[[ RECORDS SUPPLIED open ]]
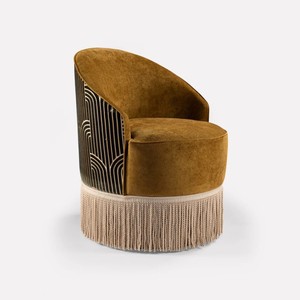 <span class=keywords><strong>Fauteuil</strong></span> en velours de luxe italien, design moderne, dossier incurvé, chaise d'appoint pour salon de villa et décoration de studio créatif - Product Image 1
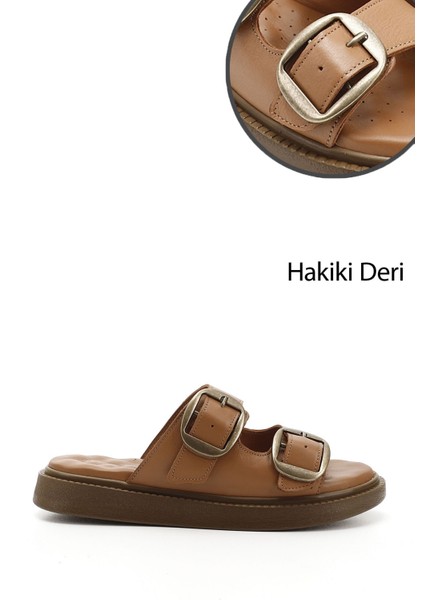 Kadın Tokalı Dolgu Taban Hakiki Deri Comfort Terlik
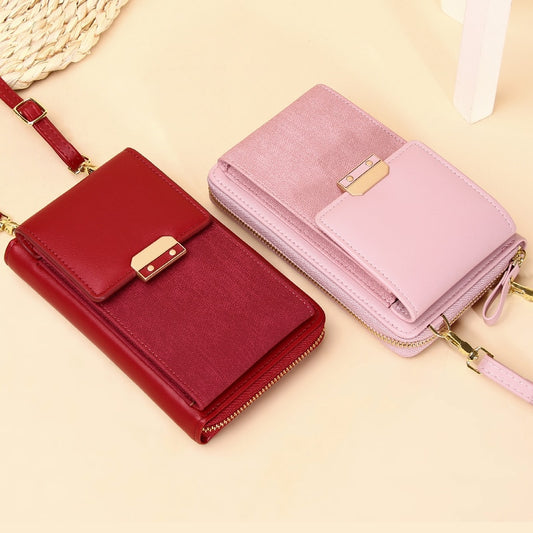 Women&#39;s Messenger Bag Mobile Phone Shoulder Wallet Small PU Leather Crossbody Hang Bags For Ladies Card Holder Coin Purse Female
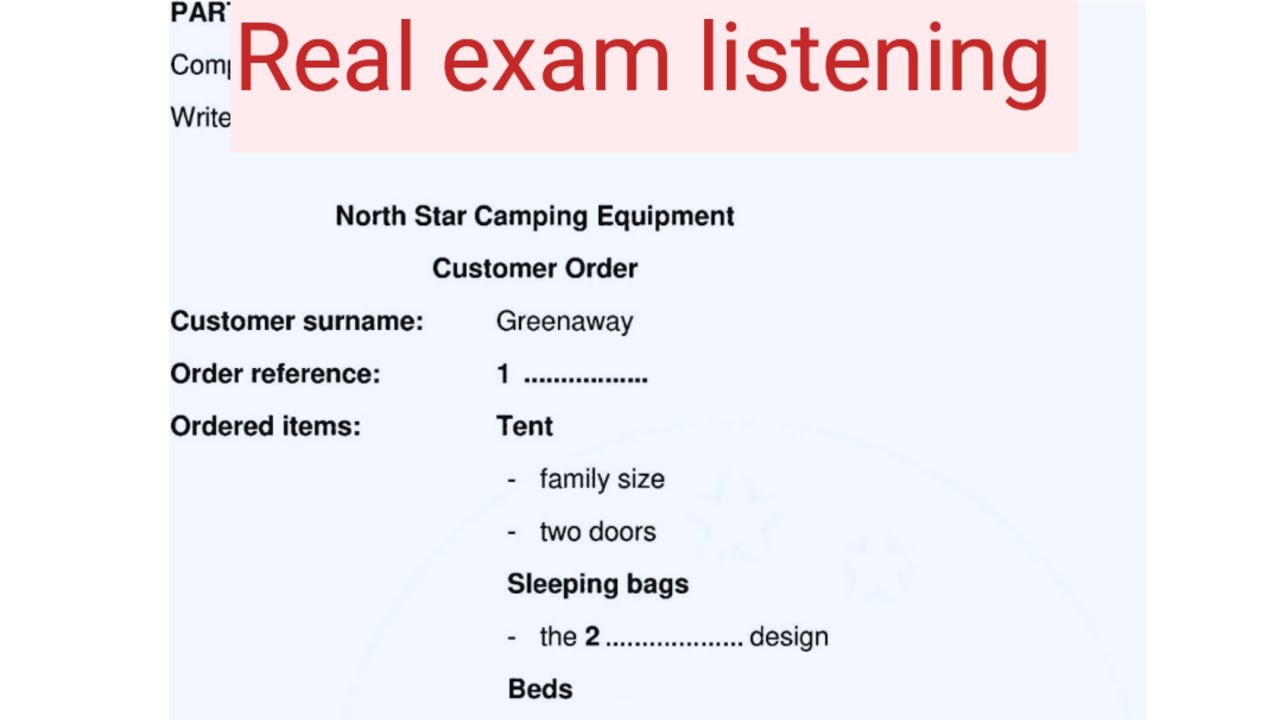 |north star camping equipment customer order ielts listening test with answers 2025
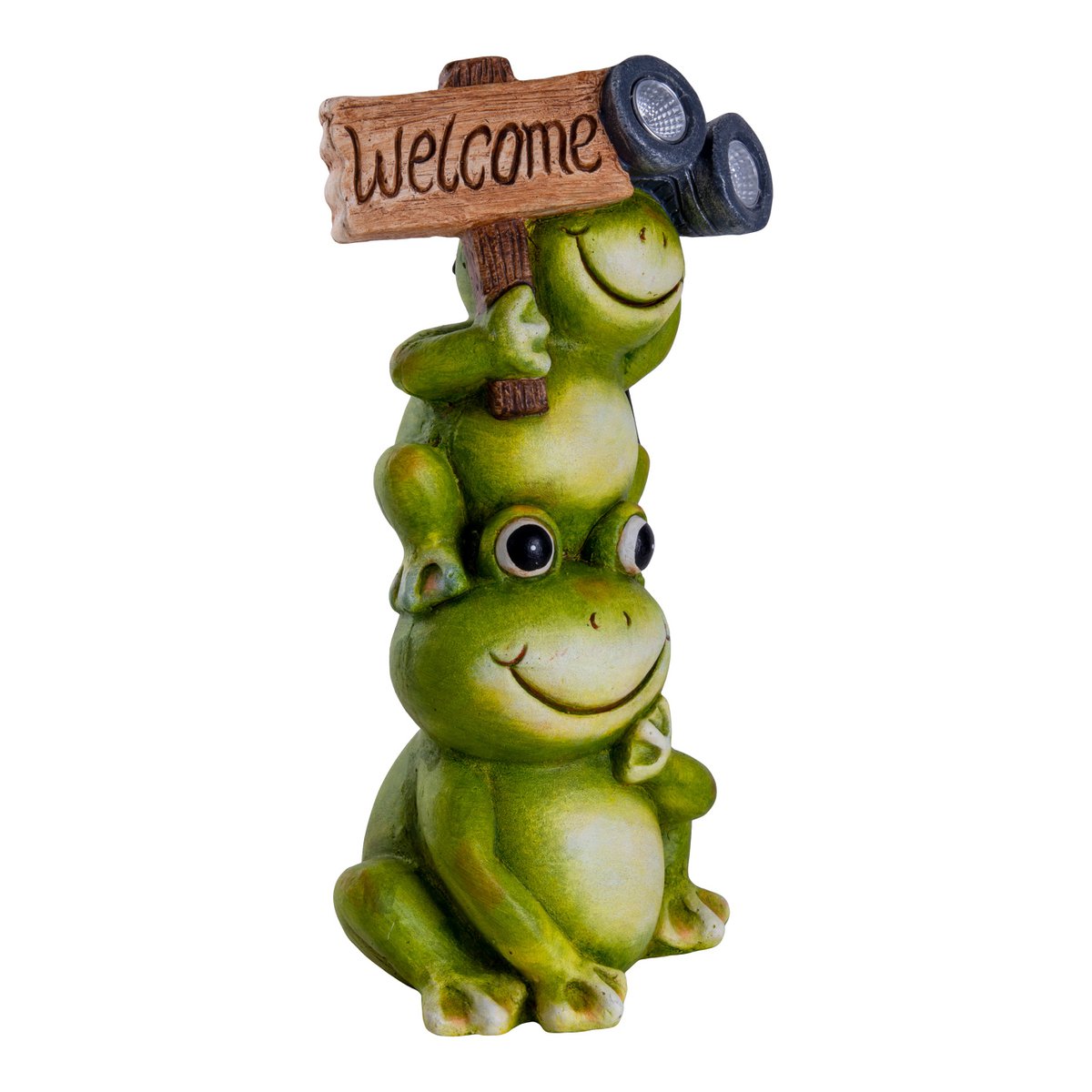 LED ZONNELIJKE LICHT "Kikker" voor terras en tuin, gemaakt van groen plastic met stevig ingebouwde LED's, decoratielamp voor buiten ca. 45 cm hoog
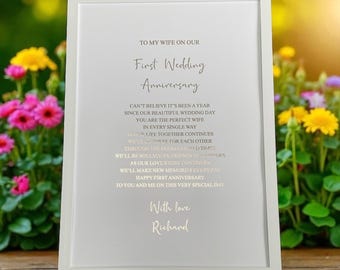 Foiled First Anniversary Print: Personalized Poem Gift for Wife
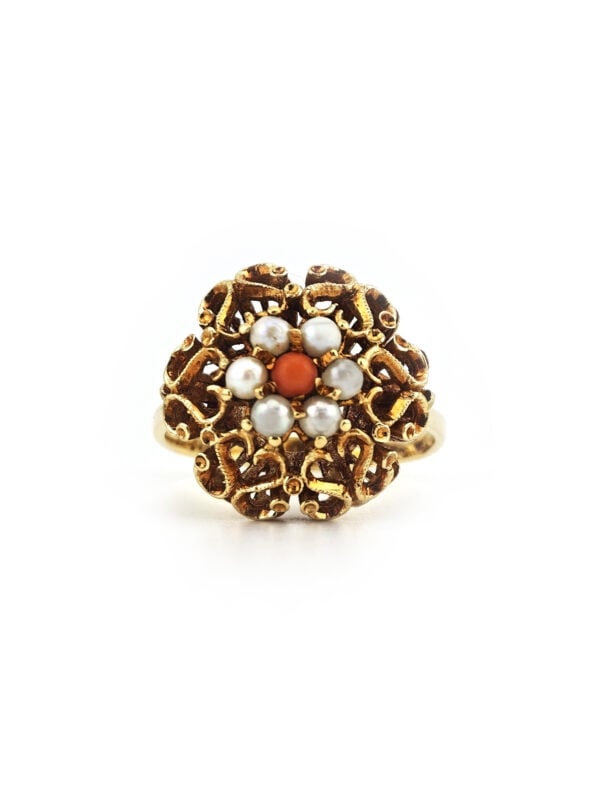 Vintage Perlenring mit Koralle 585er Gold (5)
[[ RECORDS SUPPLIED closed ]]
[[ RECORDS SUPPLIED open ]]
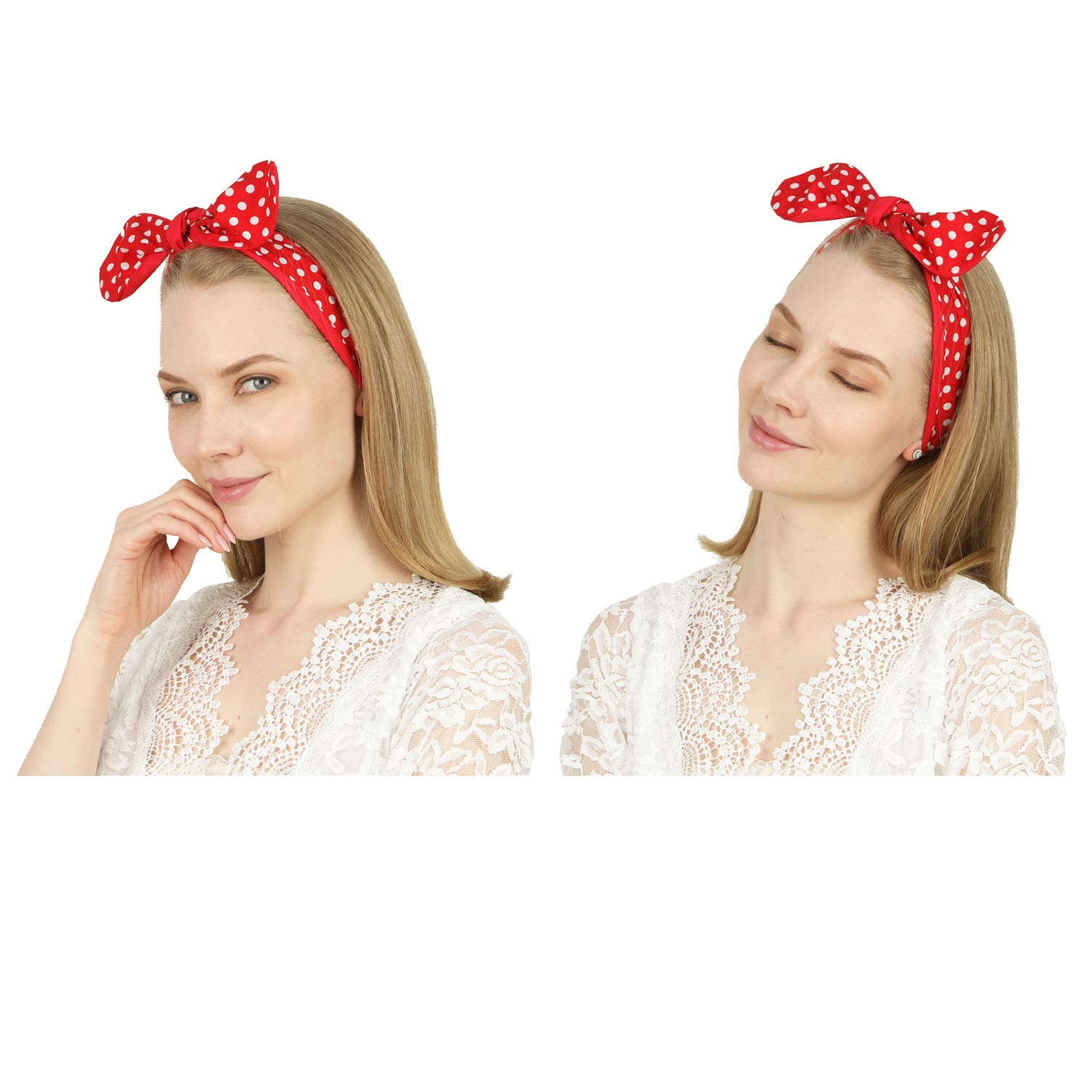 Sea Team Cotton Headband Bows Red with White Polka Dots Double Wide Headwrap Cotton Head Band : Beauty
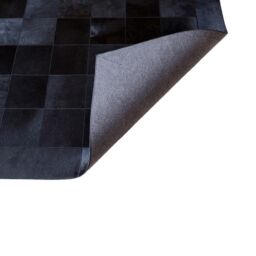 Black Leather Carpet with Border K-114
[[ RECORDS SUPPLIED closed ]]
== YOUR GOAL ==
Look above for the line with "with answers 2025"; quote it and every line after it, stopping after the line with "Vintage Perlenring mit", exactly, with nothing added and without pictures.

== WRITTEN ANSWER ==
 |north star camping equipment customer order ielts listening test with answers 2025
 LED ZONNELIJKE LICHT "Kikker" voor terras en tuin, gemaakt van groen plastic met stevig ingebouwde LED's, decoratielamp voor buiten ca. 45 cm hoog
 Foiled First Anniversary Print: Personalized Poem Gift for Wife
 Vintage Perlenring mit Koralle 585er Gold (5)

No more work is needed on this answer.